Managing all franchise listings from one central platform means you can provide local managers templates for Google Posts and local review responses, for example. You can push brand-wide customer communications to all location profiles and still give local managers access to publishing tools that enable them to share rich, locally-relevant events and offers to customers. It’s a win-win.

How can we claim ownership of all franchise listings if we don’t have all of the location data?

This is where having not only a technology solution but also a dedicated full-service support team comes in. No matter the state or volume of your location data, Rio SEO’s experts will meet you where you are and help bring the necessary data together to claim all of your listings.

What website address (URL) should we use in our local listings?

Ideally, you’ll send searchers to a local landing page, not the corporate website. Think in terms of the local customer experience. What are they most likely looking for when they visit a local listing? The features available on local listing platforms such as Google, Facebook, Yelp, etc. tell us that searchers are looking for things like:

  • Hours of operation
  • Directions to the location and the phone number
  • Photos and videos of that location
  • A description of the business and its products or services
  • Who owns or manages the location
  • Reviews that tell them about the experiences others are having at that location

Sending a customer to a generic corporate website isn’t the best next step in their journey. Think of why you would click on the ‘Website’ button on a Google Business Profile. Perhaps:

  • You want to learn more about the specific products and services, menus, amenities or other qualities that location offers.
  • You have questions weren’t answered in the listing.
  • You’re in browsing mode and want to continue perusing the brand’s offerings.

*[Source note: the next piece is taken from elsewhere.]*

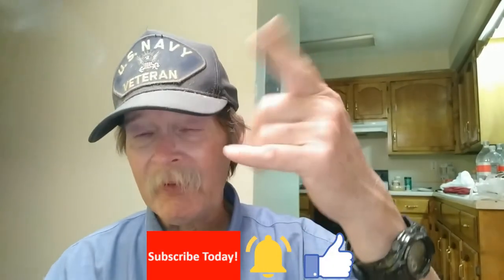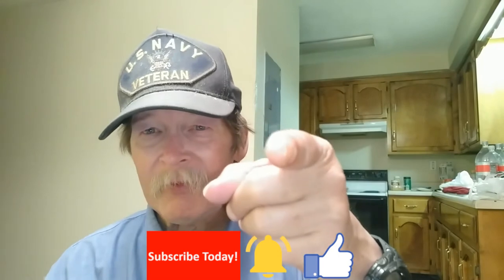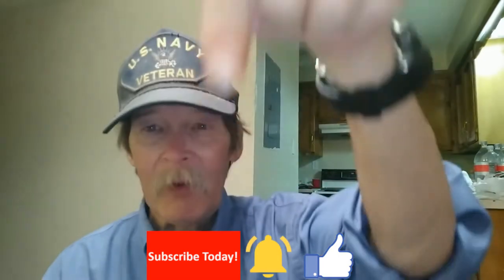If this was useful or helpful in any way, subscribe and give us a thumbs up. Check those two links in the video description below, and I'll catch you in the next one.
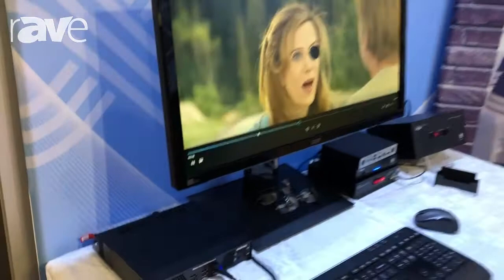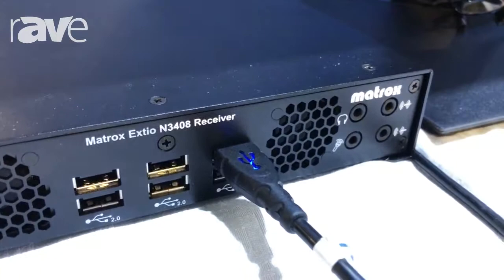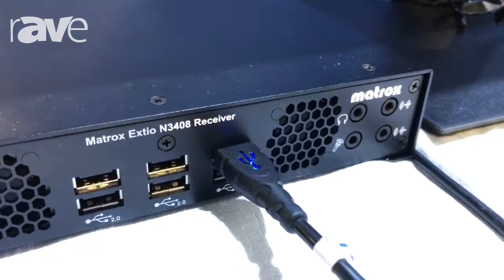Good morning, it's Lee at Integrate 2018. I'm here from KVM Australia and the product we've got along here today is the Matrox XDO — a 4K IP KVM extender. It's extending 4 DisplayPort extenders over IP.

Local pages feed local consumers’ need for more in-depth information and are the next logical step in the searcher’s journey. And, when they’re mobile-friendly and well-optimized, they help expand your brand’s local presence and become another point of discovery that can rank on relevant local searches, too.

Sample Charlotte-area location page

How can we use location data and marketing insights in our franchise marketing?

The quality and accessibility of location performance data available to the franchisor is critical. Incorporating local listing management for all franchisees into a central platform ensures that local managers and brand marketers can access local reporting.

At the brand level, our custom local reporting for franchises ensures you have a high-level overview of how locations rank and perform across the brand. You can identify outliers – top and lowest performers – and intervene or use these as use cases for other franchisees. You can see which locations are ranking in the top of their market and which may need local SEO improvements or the assistance of a PPC campaign to help boost their visibility in the most competitive shopping seasons.

Sample snippet of a custom franchise monthly report

You’ll be able to see and analyze review management, as well, which is an important element of your overall brand reputation management strategy. The brand can provide templates for franchisees to customize and designate points of contact for specific types of review escalation. As the franchisor, you can ensure that each location is upholding its review management responsibilities or offer assistance. See Reputation Management: Expert Tips for Franchise Businesses to learn more.

Access to the queries and terms real local customers use to search for products and services like yours is a rich source of insight. Use local SEO data to improve your offerings and customer service, inform content marketing campaigns, develop new offers and events that meet evolving customer behaviors, and more.